Omit the pictures and return exactly the stretch of the material below from the line with "GOO GOO balayage" through the line with "GGD型交流低压配电柜 工业电力系统的可靠基石".

Segment Start: RECORDS SHOWN

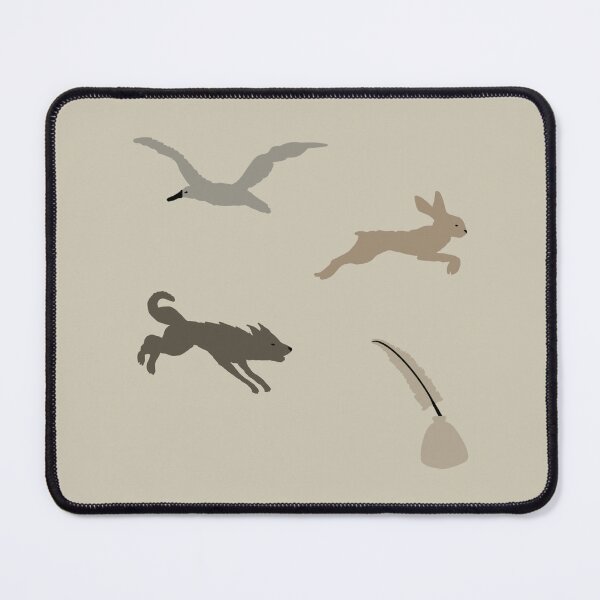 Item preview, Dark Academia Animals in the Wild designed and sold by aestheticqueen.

Segment End: RECORDS SHOWN
Segment Start: RECORDS SHOWN

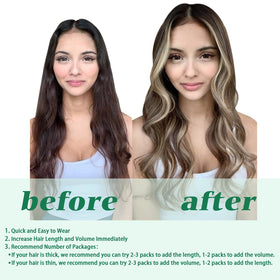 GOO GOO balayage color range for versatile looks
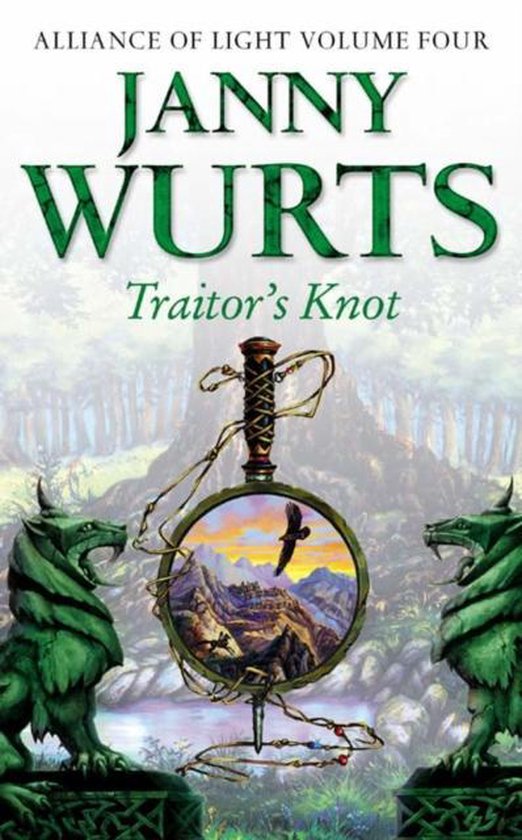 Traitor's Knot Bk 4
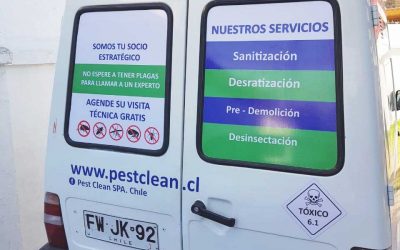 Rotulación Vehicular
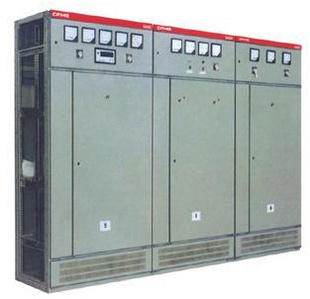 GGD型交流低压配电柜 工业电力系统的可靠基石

Segment End: RECORDS SHOWN

__RESULT BELOW__:
 GOO GOO balayage color range for versatile looks
 Traitor's Knot Bk 4
 Rotulación Vehicular
 GGD型交流低压配电柜 工业电力系统的可靠基石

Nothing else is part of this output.